Recently, there have been several microprocessor products that have been released with Bluetooth communication functionality. In the remainder of this article, I will refer to these microcontrollers as BT-MCUs. since these microcontrollers will be used to collect data for edge AI systems, we will look at BT-MCUs that meet the following criteria. 

  1. The device must comply with the radio laws of each country it will be operated in since Bluetooth devices emit radio waves. Each country has different laws regarding radio wave compliance, but certain BT-MCUs have already received the Technical Regulations Conformity Certification (GITEKI) in Japan, the Fcc/ISD certification in North America, and the CE certification in Europe [2].
  2. The device must have a way to predict the battery life. Most Bluetooth microcontrollers are designed to run on batteries (e.g., coin cell batteries), which have low power consumption and a wide operating voltage range. The battery life of a Bluetooth microcontroller depends largely on the amount of data transmission and reception and the frequency of operation. It is important to measure the power consumption under actual operating conditions to predict the battery life.
  3. The device must run on Bluetooth 5.0 or higher and meet low energy standards.
  4. The device must be available for purchase at electronic component sales sites. It must also be purchasable in single-unit orders.

SoC, Module, & Development Boards

Now that our evaluation criteria are set, let’s begin to look at the design and components of a BT-MCU. Figure 1 shows the block diagrams and example designs for the Bluetooth microcontroller, module, and development board for the BT-MCU. 


A 3 part figure that shows the block diagram and an example image of microprocessor SoC, modules, and development boards.

Figure 1. Block Diagram & product Examples of Soc, Module, & Development Board [3][4][7]

Moving from left to right, SoC is a single-chip microcontroller that consists of a Bluetooth radio circuit (Bluetooth Radio). It also contains an MCU Core, program memory (Flash ROM), data memory (RAM), and peripheral circuits.

Moving on, the module consists of an SoC and an antenna attached to a small printed circuit board. The antenna can be made using either a PCB traced pattern or a dielectric antenna chip. When using an external antenna, a connector or pins are required on the module. 

Finally, the development board on the right is made up of the aforementioned module, a power circuit, an emulator circuit, an I/O connector (for connecting an external I/O board), switches, LEDs, and a USB connector (for connecting to a host PC).

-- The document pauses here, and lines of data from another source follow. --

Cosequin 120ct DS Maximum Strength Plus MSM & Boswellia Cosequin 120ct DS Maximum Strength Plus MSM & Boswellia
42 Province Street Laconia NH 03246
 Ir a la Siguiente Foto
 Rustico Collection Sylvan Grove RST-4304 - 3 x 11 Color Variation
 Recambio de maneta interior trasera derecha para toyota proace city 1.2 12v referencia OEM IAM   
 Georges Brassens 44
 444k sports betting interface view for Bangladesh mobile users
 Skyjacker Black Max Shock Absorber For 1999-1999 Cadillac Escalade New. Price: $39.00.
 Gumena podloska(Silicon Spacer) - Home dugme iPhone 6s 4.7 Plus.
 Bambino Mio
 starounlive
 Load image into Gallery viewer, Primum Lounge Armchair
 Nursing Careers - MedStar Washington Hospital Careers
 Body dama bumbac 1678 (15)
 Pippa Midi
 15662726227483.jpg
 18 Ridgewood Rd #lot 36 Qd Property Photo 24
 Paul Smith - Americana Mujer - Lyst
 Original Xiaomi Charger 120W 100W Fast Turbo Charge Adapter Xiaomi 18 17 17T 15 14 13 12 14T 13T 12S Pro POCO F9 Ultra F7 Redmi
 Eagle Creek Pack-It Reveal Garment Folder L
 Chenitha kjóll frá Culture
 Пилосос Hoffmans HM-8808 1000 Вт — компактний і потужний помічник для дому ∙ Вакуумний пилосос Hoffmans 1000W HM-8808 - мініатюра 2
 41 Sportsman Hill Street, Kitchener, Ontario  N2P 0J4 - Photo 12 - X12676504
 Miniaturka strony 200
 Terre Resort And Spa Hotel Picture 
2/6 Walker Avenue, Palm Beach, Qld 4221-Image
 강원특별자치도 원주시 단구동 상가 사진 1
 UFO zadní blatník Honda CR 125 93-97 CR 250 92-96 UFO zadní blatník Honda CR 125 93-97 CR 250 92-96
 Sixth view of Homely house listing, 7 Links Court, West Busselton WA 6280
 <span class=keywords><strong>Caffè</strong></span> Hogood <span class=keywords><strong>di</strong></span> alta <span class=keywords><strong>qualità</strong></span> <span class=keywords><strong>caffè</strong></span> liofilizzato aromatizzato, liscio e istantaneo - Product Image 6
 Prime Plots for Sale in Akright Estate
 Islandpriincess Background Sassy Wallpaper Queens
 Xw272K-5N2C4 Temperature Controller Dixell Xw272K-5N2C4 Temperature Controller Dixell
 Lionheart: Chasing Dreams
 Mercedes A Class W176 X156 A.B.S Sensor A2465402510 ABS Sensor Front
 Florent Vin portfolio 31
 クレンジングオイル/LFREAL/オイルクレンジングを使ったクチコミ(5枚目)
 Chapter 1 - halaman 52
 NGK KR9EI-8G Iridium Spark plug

Silicon Lab’s Bluetooth Microcontroller

One product that we can look at is the Gecko Module Starter Kit from Silicon Labs. The kit, outlined in Figure 2, contains the BG220P module, a 76.8 MHz ARM Cortex M33 microprocessor (with DSP and FPU), 512 kB of flash memory, and 32kB of RAM. The kit is also equipped with a Bluetooth radio subsystem and a variety of peripheral functions.

A diagram outlining all of the different subsystems in the EFR32BG22 Wireless Gecko SoC. It also shows all of the different components that makes up each subsystem.

Figure 2 Silicon Labs, EFR32BG22 Wireless Gecko SoC Block diagram [3]

Silicon Labs currently offers three different types of development boards in their starter kits. Each of these kits has its own unique set of features. In this article, we will focus on the BGM220P kit shown in Figure 3.

BGM220 Explorer Kit – A small and simple starter kit [5].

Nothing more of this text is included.